The pcDNA3.1/C-terminal-green fluorescent protein (GFP) vectors containing ARCWT and ARCw/o spectrin were cloned following procedures described previously [25]. DLG4 and HSPA1A cDNAs were cloned into expression vectors (RFP-tagged) using the PrecisionShuttle Vector System (OriGene).
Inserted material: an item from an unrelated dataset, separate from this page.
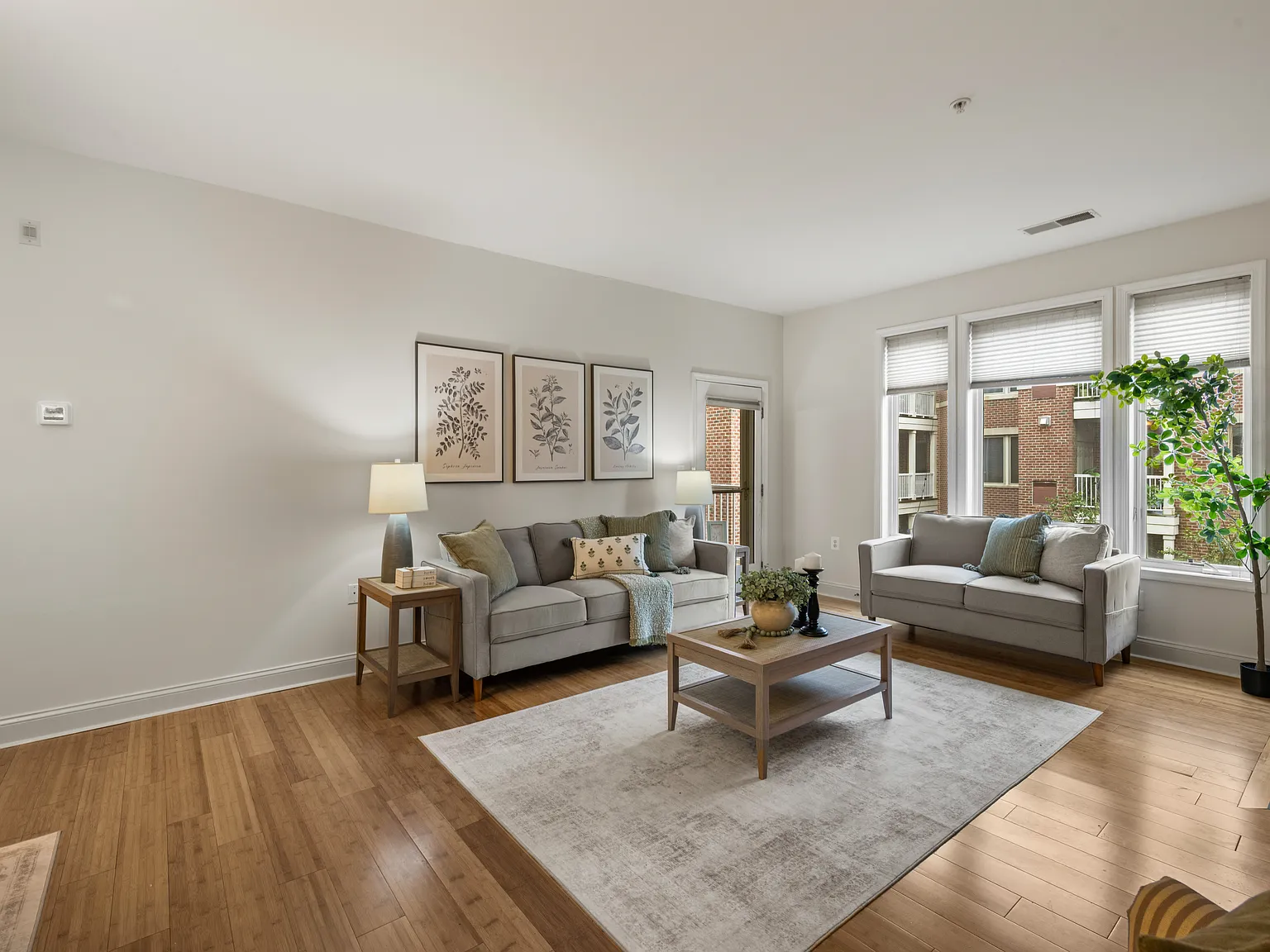 2 bed, 1275 sqft, $2,950 — Photo 3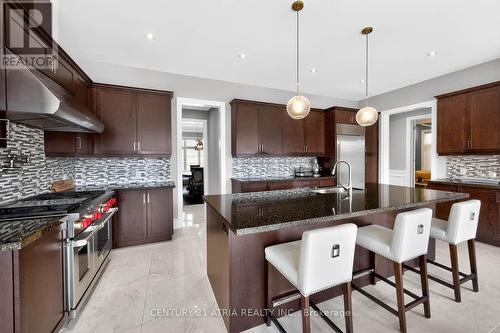 122 Burns Boulevard, King, ON - Indoor Photo Showing Kitchen With Upgraded Kitchen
COS-1 cells (ATCC: CRL-1650) were cultured in Dulbecco’s modified Eagle’s medium supplemented with 1 mM sodium pyruvate, 0.1 mM nonessential amino acids, 100 U penicillin, 100 μg streptomycin (Invitrogen, Carlsbad, CA, USA), and 10% fetal bovine serum. The cells were cotransfected with GFP-tagged and RFP-tagged plasmids using Lipofectamine 3000. After 24 h, the cells were fixed in 4% paraformaldehyde in PBS (pH 7.4) for 20 min at 25 °C, after which they were washed 3 times with PBS containing 0.1% Triton X-100 and blocked for 40 min with PBS containing 1% bovine serum albumin and 0.1% Triton X-100. Finally, the cells were washed with PBST three times, and the nuclei of cells were labeled with DAPI. Images were captured using a fluorescence microscope (Axio Vert.A1; Zeiss, Jena, Germany) and processed with ZEN 2 software (Zeiss).

4.7. BRET Assays

DLG4 and HSPA1A cDNAs were cloned into vector pFN31K-Nluc-CMV-neo using Flexi® vector (Promega) to generate N-terminal NanoLuc® fusions. ARCWT and ARCw/o spectrin cDNAs were cloned into vector pFN21A-HaloTag-CMV-Flexi using Flexi® vector to generate N-terminal HaloTag® fusions. A NanoBRET™ assay was performed in white 96-well plates according to the manufacturer’s protocol (Promega). Briefly, both NanoLuc® and HaloTag® fusion vectors were cotransfected into HEK293 cells. After 24 h of incubation, cells were replated into white 96-well plates with or without NanoBRET™ HaloTag® 618 ligand. Following 24 h incubation, NanoBRET NanoGlo substrate (Promega) was added at 0.1 μL/well, and readings were collected for 0.3 s at the NanoLuc® emission (460 nm) and NanoBRET™ ligand emission (620 nm) levels to measure the donor and acceptor signal, respectively, using a VarioskanFlash (Thermo Scientific). BRET was calculated as the ratio of the emission at 620/460 nm. Each experiment was repeated at least six times.

5. Conclusions

Our top-down approach identified several ARC-regulated genes and proteins involved in the ECM, synaptic membrane, and heat shock protein family, and the association between ARC and these genes and proteins warrants further investigation. Nonetheless, the transcriptomic and proteomic profiles presented here for ARC-KO HEK293 cells contribute to our understanding of the mechanisms underlying the effects of ARC and the molecular pathways involved in the pathophysiology of schizophrenia.